A Governor at Maghaberry Prison averred that the applicant was a Class A prisoner, housed in the Separated Republican wing, and was engaged in an ongoing campaign to bring an end to full searches.
He further averred that prisoners from the Separated Republican wing had rendered full searches so dangerous that the prison staff’s Article 2 rights under the European Convention on Human Rights (ECHR) were engaged.
In addition, through the prisoners’ false and malicious allegations of physical and sexual assaults against staff, distress was caused to staff which engaged their Article 8 rights under the ECHR.

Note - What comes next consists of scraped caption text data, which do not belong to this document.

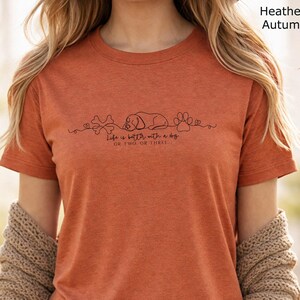 May include: A heather autumn orange short-sleeve t-shirt featuring a black line art graphic of a dog, a bone, and a paw print. Below the graphic, the text reads: Life is better with a dog OR TWO, OR THREE. The shirt has a crew neckline.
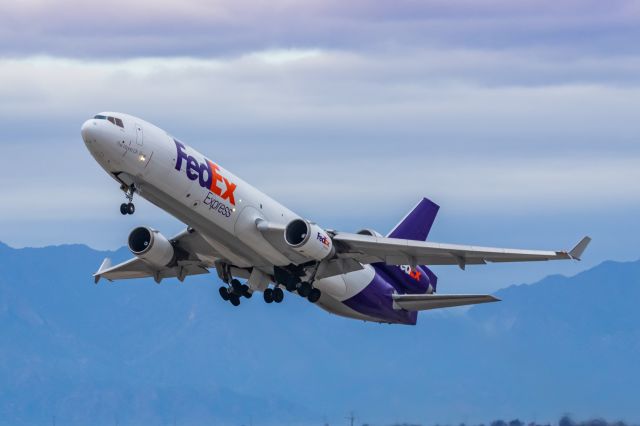 Boeing MD-11 (N606FE) - A FedEx MD11 taking off from PHX on 2/14/23. Taken with a Canon R7 and Canon EF 100-400 II L lens.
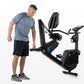 Man wearing gray t-shirt and black shorts standing next to black and blue recumbent exercise bike with backrest and pedals on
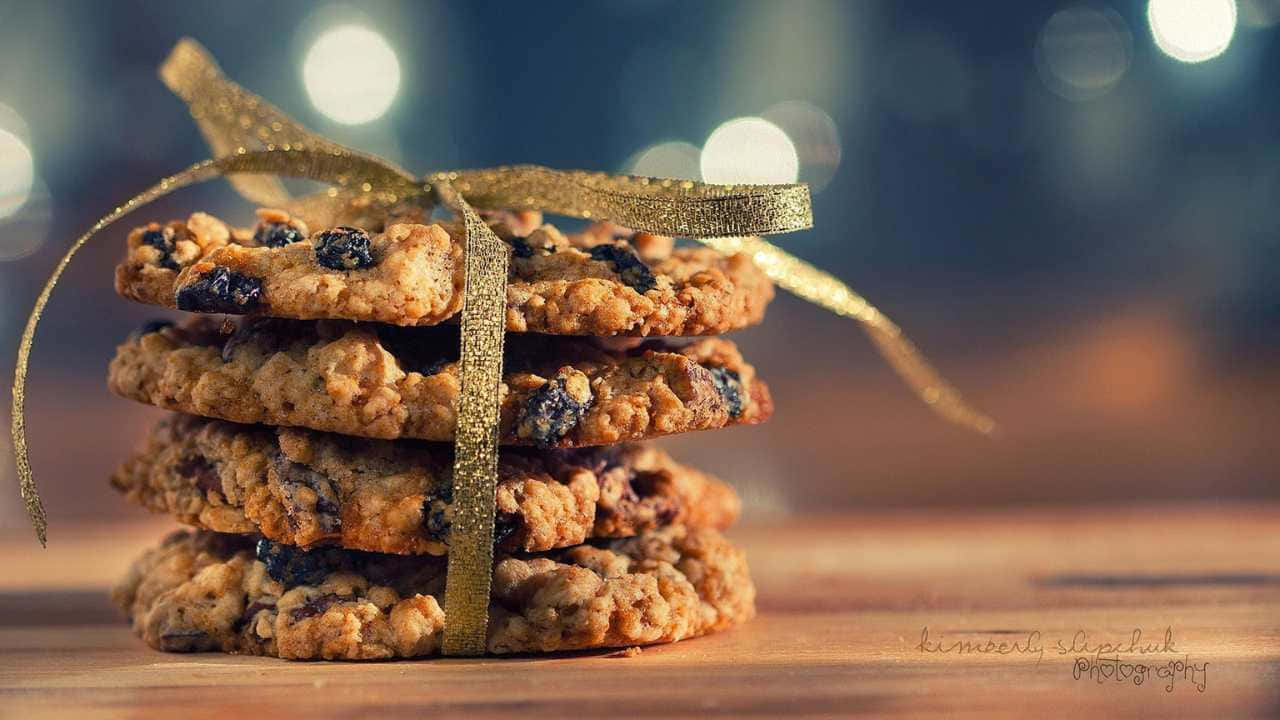 720p Cookies 桌布 壁紙 — 一堆溫暖的燕麥葡萄乾餅乾，用閃閃發光的金色絲帶綁著，放在木質表面上，背景是柔和模糊的散景。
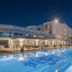 Dona Filipa Hotel in Almancil with lit outdoor pool and terrace at dusk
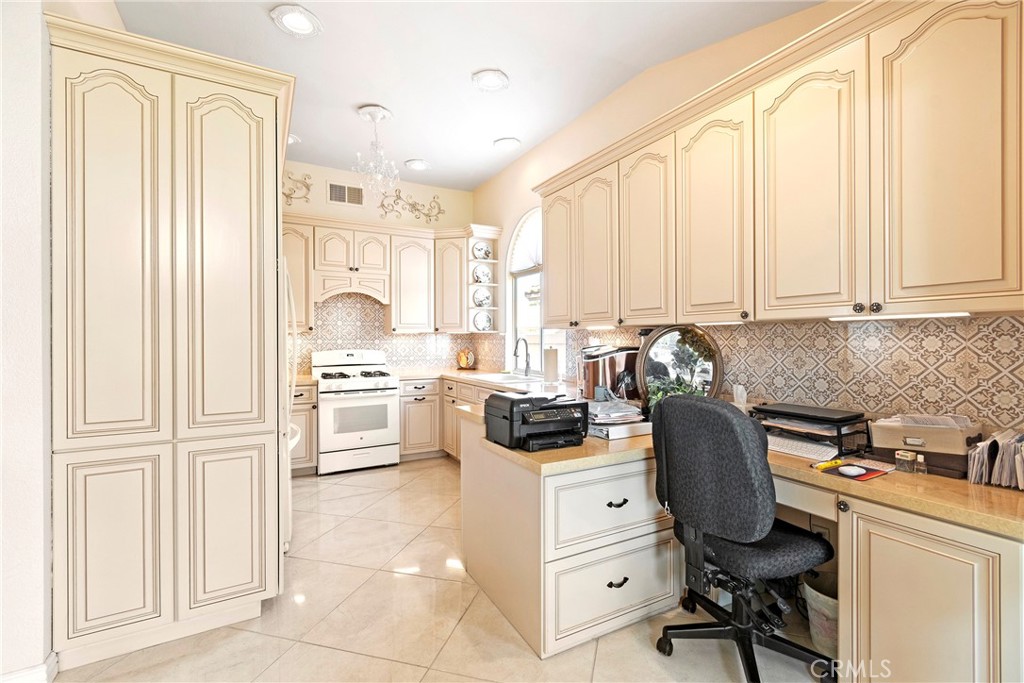 762 Torrey Pines Road Banning, CA 92220 - Photo 21 of 43 a view of a kitchen with appliances and cabinets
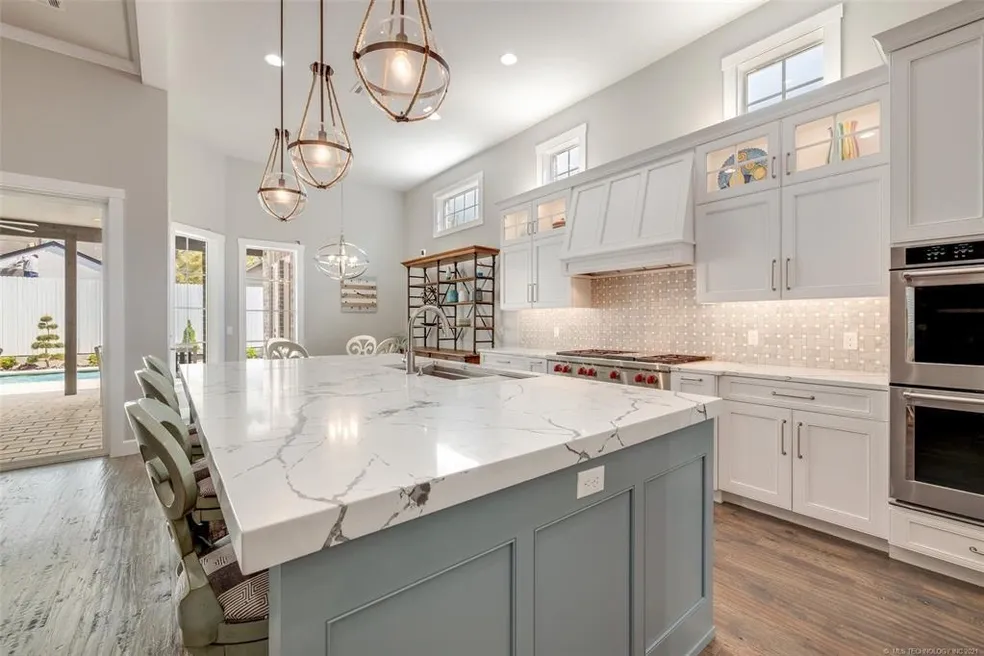 Bright kitchen with large marble island, white cabinetry, and pendant lighting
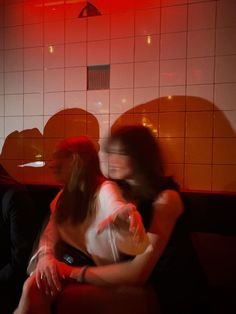 two people sitting on a couch in a room with tile walls and red light coming through the window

On the applicant first challenging the making and retaining of video-tapes, the Northern Ireland Prison Service had responded that it was prison service policy “to video record all planned use of force incidents to provide a record that is retained to safeguard both the prisoner and the staff involved where subsequent complaints or allegations are made.”
They averred that the “dignity of any subject is a key consideration and recording does not take place of any images deemed to be inappropriate and unnecessary. The recordings are also made for the prevention and detection of crime and images are retained in compliance with the Data Protection principles.”
The applicant then made an application for judicial review of the policy.
He alleged that the making and retaining of videos breached his rights under Article 3 of the ECHR by interfering with his right not to be subjected to degrading treatment, and his rights under Article 8 by interfering with his right to respect for private and family life.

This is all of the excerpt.